Em contrapartida, a pauta das empresas públicas ganhou destaque com Hertz Dias (PSTU). Durante uma agenda com trabalhadores dos Correios em Porto Alegre, o candidato reiterou sua oposição a qualquer projeto de privatização. Para ele, a estatal é um pilar fundamental para a integração nacional, sendo essencial para garantir a presença do Estado em regiões remotas do território brasileiro.
Diálogo com o setor produtivo e o cenário industrial
A agenda de Ronaldo Caiado (PSD) em São Paulo foi marcada por uma série de reuniões com lideranças empresariais, incluindo a Anfavea e o SindusCon-SP. O candidato buscou ouvir as demandas do setor industrial e da construção civil, abordando temas como a flexibilização das jornadas de trabalho. Caiado criticou o formato de discussão sobre a escala 6×1, defendendo que o diálogo com o empresariado é o caminho para evitar o colapso de setores estratégicos.
Enquanto isso, Romeu Zema (Novo) manteve o foco em pautas ligadas à ética na política. O candidato esteve em Curitiba, onde se reuniu com apoiadores e integrantes de movimentos ligados à Operação Lava Jato, reforçando o discurso de combate à corrupção como um dos eixos centrais de sua plataforma eleitoral.

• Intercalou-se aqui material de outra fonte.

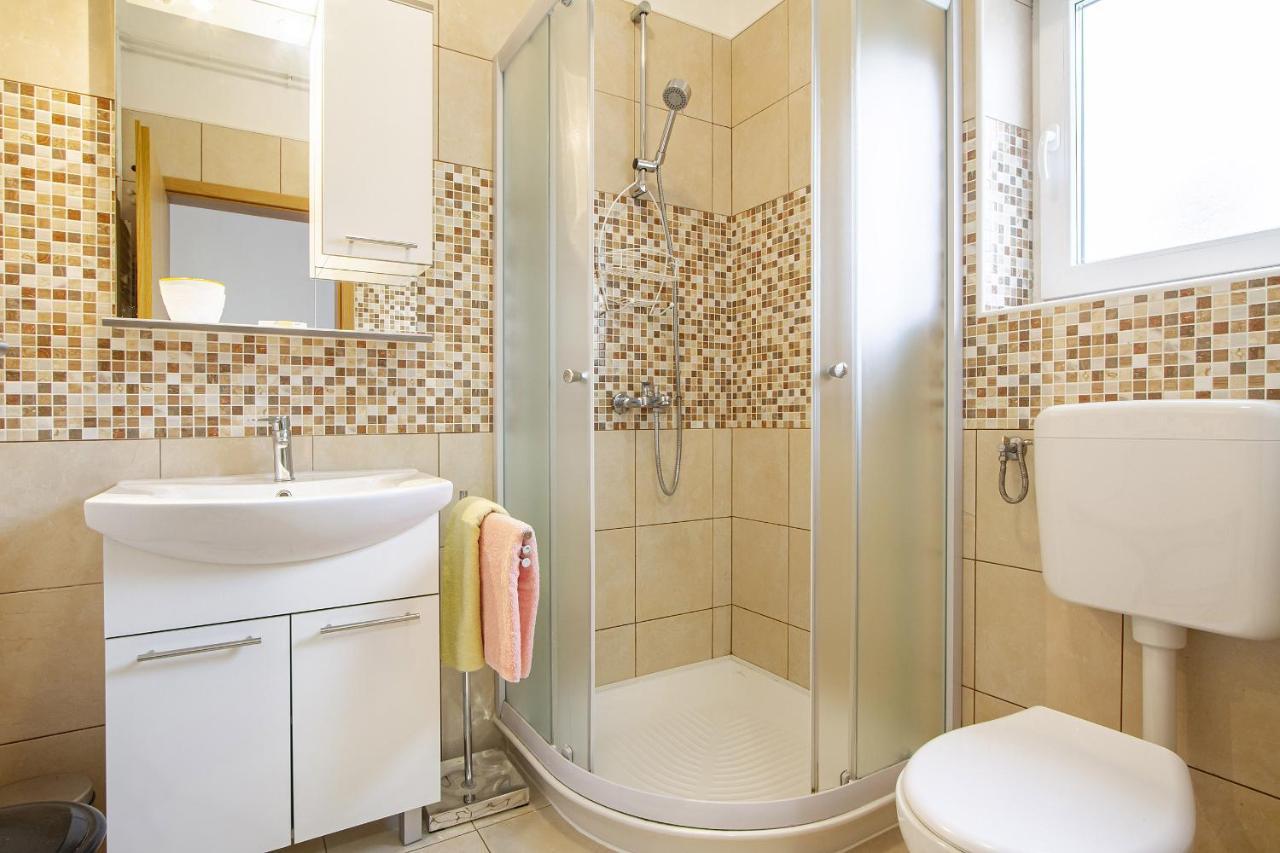 Apartmani Justic ニヴィーチェ エクステリア 写真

Desafios jurídicos e a comunicação na campanha
A reta final da campanha também tem sido marcada por embates no âmbito jurídico. Renan Santos (Missão) utilizou parte de sua agenda para contestar uma decisão do ministro Dias Toffoli, do Tribunal Superior Eleitoral (TSE), que suspendeu sua propaganda eleitoral. O candidato classificou a medida como uma inflexão autoritária e afirmou que sua equipe jurídica buscará reverter a decisão por meio de recursos.
Outros candidatos, como Clariana Barão (Democracia Cristã) e Wilson Grassi (Democrata), dedicaram o dia a entrevistas em veículos de comunicação e ajustes internos de marketing. Enquanto parte dos concorrentes mantém o ritmo intenso, outros nomes, como Luiz Inácio Lula da Silva (PT) e Flávio Bolsonaro (PL), não registraram agendas públicas nesta data, mantendo suas estratégias de campanha sob sigilo ou em atividades internas.